Thursday, February 12, 2026

Frankenstein (2025)

I despised the book, but remarkably, the movie doesn't fail in those ways -- it finds new ways to fail!

The book fails because it's senseless groveling for 10x the length it needed to state its message. The movie replaces that trivia with some very cinematic stuff, making it a more obvious emotional experience, but failing by those shallow theatrics. Some of the visual style is cool, and I like a movie with bold artistry. But that's just del Toro table stakes. The substance of the movie is excessive, silly, and misguided. It's not good writing; it's trying to sound old-fashioned and profound, and it's a simple failure to make a good story. It's a hodgepodge -- a Frankenstein -- of the book, the earlier movies, and del Toro's own vision, and it feels like a hodgepodge. It feels arbitrary, like no professional wrote this movie, a high schooler just handed their script to some technical masters. There's no mastery in the writing, from the dialogue to the plot.

Besides the atmosphere, everything just fell short, wasn't all that great. Isaac did his job, but the script didn't do him justice. I generally liked Elordi. Waltz was wasted. Goth's character made no sense.

Guillermo del Toro thus drops way down for me.
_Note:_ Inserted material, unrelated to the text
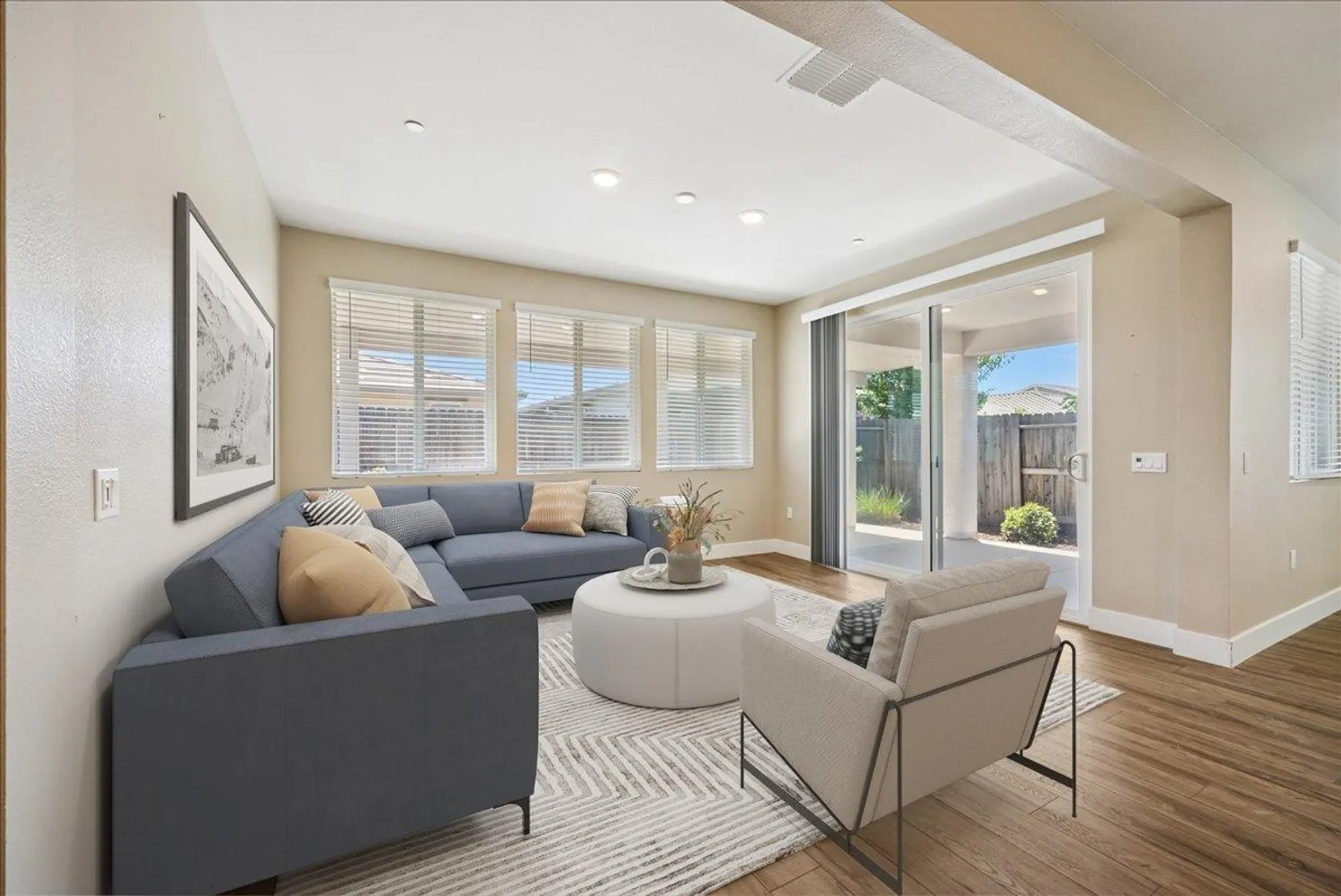 Property Slideshow image 14 of 38 | 7040 orbital ln, Roseville, CA, 95747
I haven't seen much from him, and I remember liking Pan's Labyrinth a long time ago, but the fact that he loved Frankenstein and dreamt for so long of making the perfect adaptation -- only to make this -- is a whole host of red flags. This guy and I must not connect. Now in hindsight, I can see that even his live action movies are kind of cartoonish. He digs fairy tales, thus his visuals, while impressive, almost look animated, and his scripts lack nuance. I can't say that for sure without seeing more of his movies, but that's the sense I'm getting.
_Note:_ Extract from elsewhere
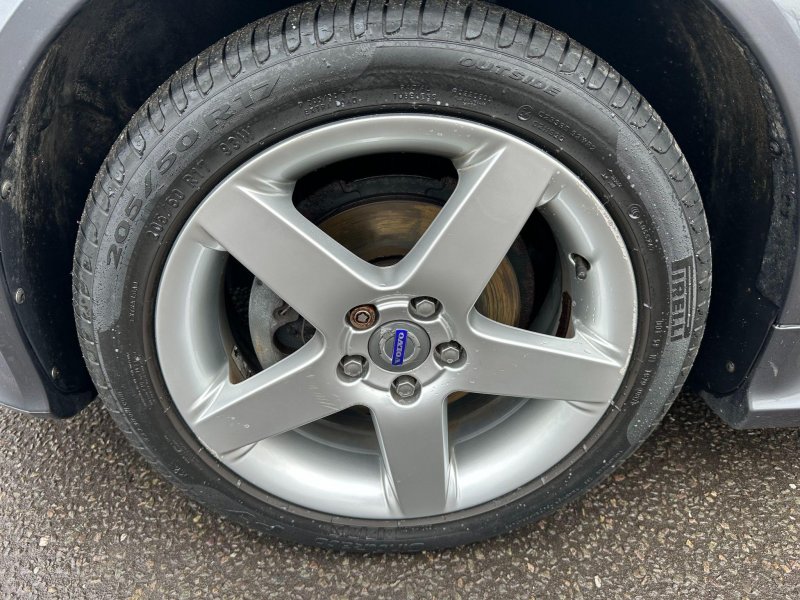 VOLVO C30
It was more faithful to the book than most Frankenstein content I've seen, but betrayed the book in a few critical ways. It was more fantastical, donning much of the Frankenstein image that's been generated by everyone except Mary Shelley: the gothic grandeur, the wacky technology, the epic staging. The book didn't focus on these fantasy elements; Victor simply found a scientific solution to the problem of death, no giant red and green solenoids needed; and the staging wasn't darkly gorgeous, it was just grisly and cynical. The only fantasy was that the science actually succeeded. The rest was simply-garbed. It was gothic not in the sense of Notre Dame but in the sense of wretchedness.

Another departure from the book was the ending. I hated the ending, maybe because it was so different from the book that it felt corrupt. It felt random, inauthentic, unjustified.